This morning many of us started texting each other, Happy Easter!, and as I responded, I added a series of emojis to add appropriate good humor to the day’s festivity. As I looked closely at the emojis I had to laugh at how conflicting it all was to the serious message that Easter had been to me as a kid having been raised as a Catholic in the 60’s. (I will add that I am a recovering Catholic – no offense to any devout practicing Catholics out there!). Bunnies, baby chicks, colored eggs, Easter baskets??!! Where did all of this come from when I was taught Easter had to do with Christ rising from the dead 2 days after his crucifixion on Good Friday. What gives?
I had read a little bit about it before, but I had to look this up again to understand why I was texting images of baby chicks peeping their teeny little yellow heads out of half-cracked eggs, and adorable fluffy bunnies delivering chocolate eggs wrapped in elaborate colorfully designed foil (mixed in with glasses of wine, whiskey and beer to toast this lovely albeit confusing holiday). These are some of the things I found:
“The word Easter might have derived from a springtime Anglo-Saxon fertility goddess called Eastre whose symbolism included the hare, the moon, and eggs. Easter is steeped in the symbolism of cycle of the sun, which rises in the East, and which in spring ushers the natural world to life. In the Northern Hemisphere, the spring equinox occurs on the 21st of March when the length of the day increases until it is equal to the length of the night. The sun, growing in power, finally overtakes darkness, and this solar rebirth is celebrated in most ancient pagan religions, where agricultural life depended on the growth of spring. The other symbol of ancient solar superstition was the moon; and even today, Christians still celebrate their version of Easter on the first Sunday on or after the first Full Moon after the March equinox, tying Easter to its historical pagan roots. The images of Easter include two of the most ancient and universal symbols of birth, nature, fertility, life, and rebirth: the egg and the rabbit.
The beloved chocolate egg has now come to be the ubiquitous and central image of Easter and the Easter holidays. It has been given cosmic significance, representing the birth and rebirth of many gods and powerful spiritual beings, on account of its link to life and fertility. The Easter Bunny can often be seen delivering (and hiding) them, reminding us that Easter is a pagan, sun-worshipping festival.”

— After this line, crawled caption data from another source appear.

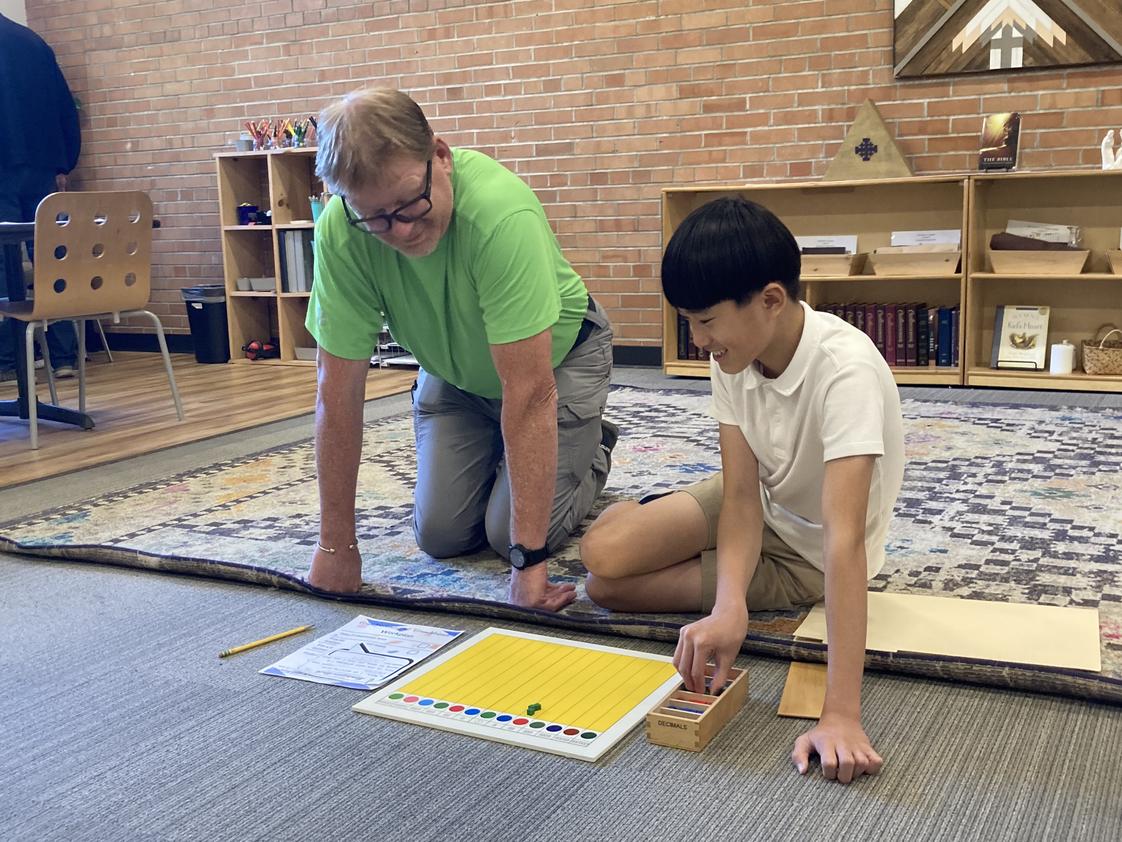 Hand In Hand Christian Montessori Photo #1 - Grandparents Day is a favorite for our students. They get to invite those special loved ones into their Montessori classrooms and present a lesson.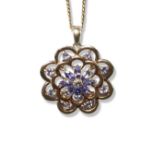 Silver floral design pendant on chain comprising of light purple stones weighing 4.78 grams and 46cm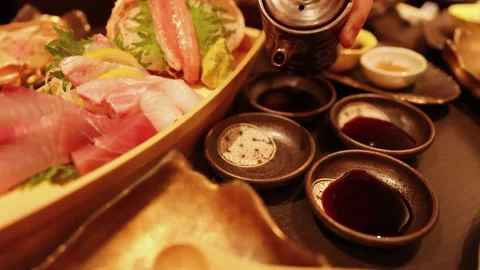Pouring soy sauce into small dipping bowls for delicious sashimi and seafoo.. Stock Footage 333107922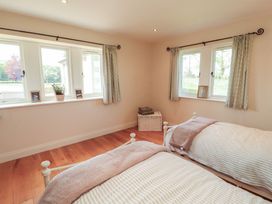 A bedroom with two beds and windows at Thimble Hill Near Armathwaite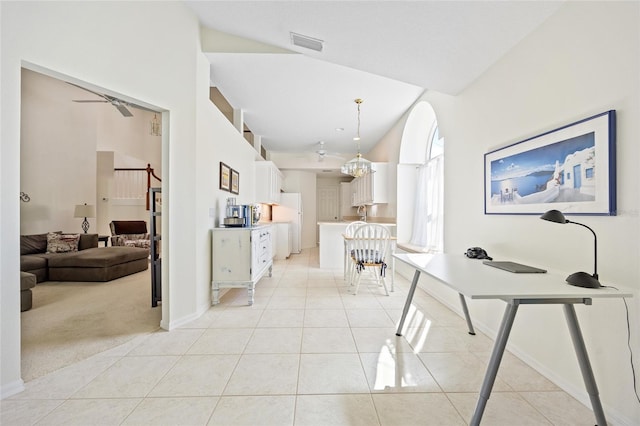 hallway featuring visible vents, light carpet, baseboards, and light tile patterned flooring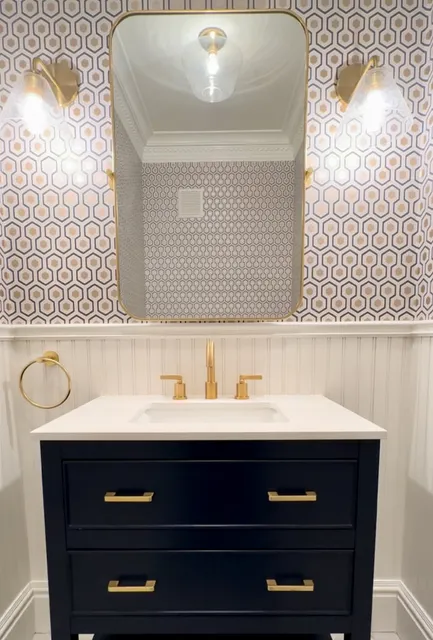 A bathroom with a sink and mirror in it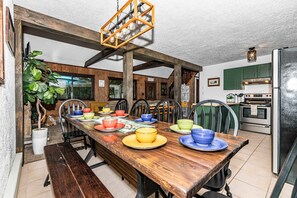 Dining for 10 at one table and Breakfast bar with 4 additional seats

All I can say is that it is symbolic of spring, new life, new beginnings and the promise of things to come after a winter hibernation, literally and figuratively. Every year I make some decisions to adjust certain things in my life that aren’t working or focus more on things that are. Perhaps I start something I’ve always wanted to do or purge items no longer of any use. I use the time over the winter to ponder the ideas, test, poke and prod them, eventually choosing “a” path to take. I don’t want to over-think which direction, just choose a direction. If winter is the choosing, then spring is the starting gun…Go! Move forward – at least I have chosen a direction and am going. The joy is in the journey, not the destination.
One of the biggest things to have changed my perspective is to see things through my grandson Joseph’s eyes. What a gift to see life through eyes that witness everything they see as wonderous and exciting! That is a reminder of new life and springtime that I am ever grateful for and what I will toast to this Easter. Oh… and he is the CUTEST little guy on the planet, so that ties in with the little bunnies and the peeps and stuff. ??
Happy Easter, everyone!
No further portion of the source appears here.